• South Korean operator KT has developed its own quantum key distribution (QKD) system
• It generates 300,000 encryption keys per second and can supply them to more than 70,000 encryption devices every minute
• Home-grown Korean technology either matches or exceeds the performance of equipment from global manufacturers, reckons KT 

South Korean telco KT Corp says its scientists have independently developed the country’s fastest quantum key distribution (QKD) system. KT says the home-grown new system can generate 300,000 encryption keys per second, twice its previous rate, and is a major step forward in quantum communication technology. 

A company spokesperson commented, “This is the fastest QKD system developed using domestic [Korean] technology.
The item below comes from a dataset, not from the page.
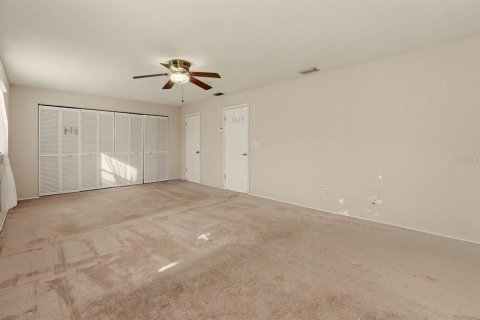 Villa ou maison à vendre à Edgewater, Floride: 2 chambres, 120.77 m2 № 2434900 - photo 17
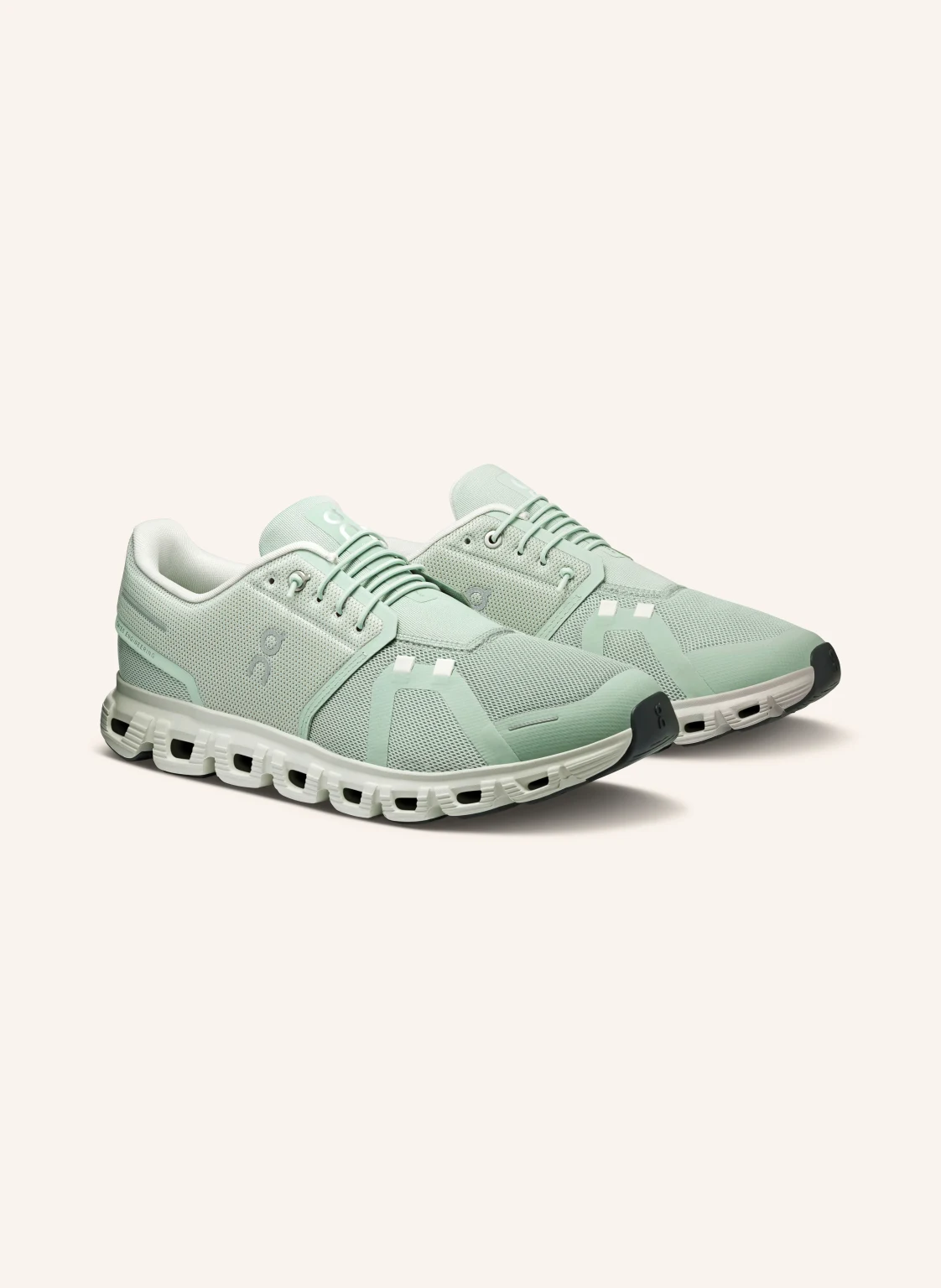 On Sneaker CLOUD 6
Once deployed, it can supply quantum keys to more than 70,000 encryption devices every minute.”

With cybersecurity threats increasingly pervasive and dangerous, and with the era of available and reliable quantum computers now on the horizon, the public key cryptography currently used to protect sensitive data will soon be rendered inherently insecure. 

Quantum-safe networking (QSN) is the solution to this massive problem and QKD enables it. The technology is a method of distributing quantum-secure encryption keys between parties and, rather than relying on mathematical computations, it applies the quantum properties of photons, including polarisation and entanglement, to generate secure random keys for encrypting and decrypting data.

A QKD system comprises a transmitter (usually a laser), a receiver (photon detectors) and a quantum channel (commonly a fibre optic cable). Such a system ensures that QKD-protected transmissions cannot be intercepted and decrypted by bad actor attacks – even if made with their own quantum computers. Because simply observing a particle instantly alters its quantum state, QKD detects any attempts to interfere with data, rendering the information defunct whilst revealing the presence of an intruder and alerting the authorised users. In essence, the properties of quantum mechanics exploited by QKD systems make the duplication of cryptographic key distribution impossible on physical lines (as far as we are currently aware).

KT is proud that its quantum cryptographic communication technology not only provides the fastest speed among quantum key distribution systems made with Korean domestic technology but also matches the performance of equipment from global manufacturers. 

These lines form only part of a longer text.